EXERCISE OBJECTIVE
Only some lines are wanted. Transcribe, exactly, the lines below from the line with "Coach 8125 Purple Wool Hobo Shoulder Bag" up to and including the line with "Goofy Baby Dinosaur PNG Product Image 2".

---------- DATA FOR REVIEW ----------

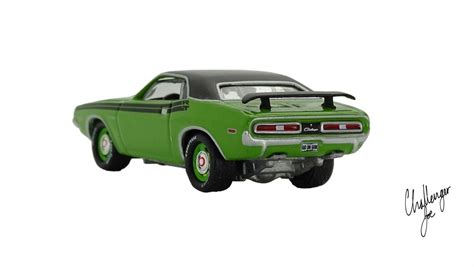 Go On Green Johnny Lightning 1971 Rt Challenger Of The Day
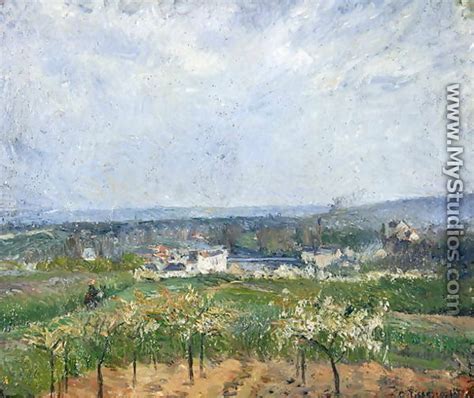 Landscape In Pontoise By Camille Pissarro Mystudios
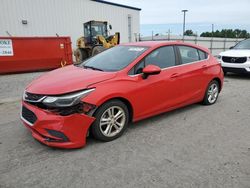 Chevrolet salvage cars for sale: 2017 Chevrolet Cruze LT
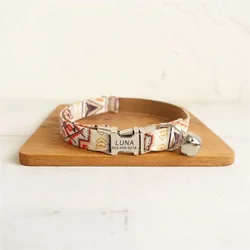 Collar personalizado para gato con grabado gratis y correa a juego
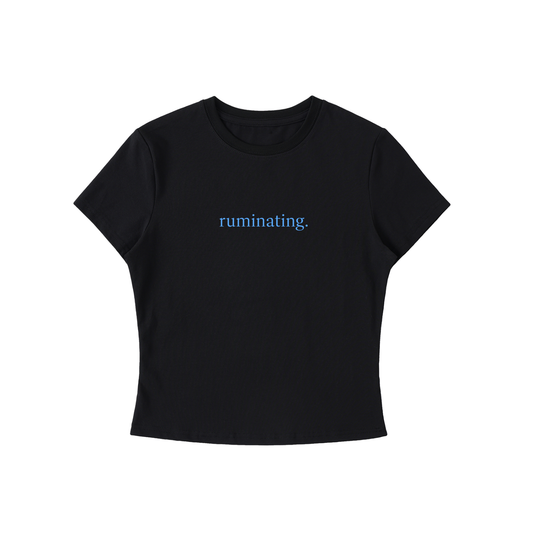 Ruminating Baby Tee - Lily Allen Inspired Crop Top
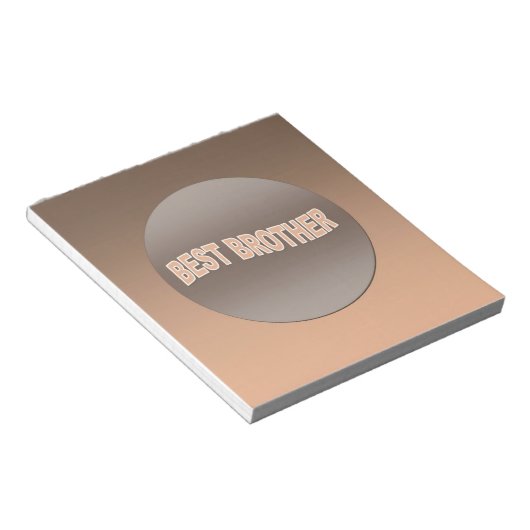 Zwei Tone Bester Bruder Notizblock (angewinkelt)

----------
---------- DATA FOR REVIEW ----------

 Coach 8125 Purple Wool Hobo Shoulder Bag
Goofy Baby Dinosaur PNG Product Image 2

----------
---------- DATA FOR REVIEW ----------

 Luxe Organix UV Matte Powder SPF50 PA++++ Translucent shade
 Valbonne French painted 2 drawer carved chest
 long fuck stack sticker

----------

YOUR RESPONSE
 Coach 8125 Purple Wool Hobo Shoulder Bag
Goofy Baby Dinosaur PNG Product Image 2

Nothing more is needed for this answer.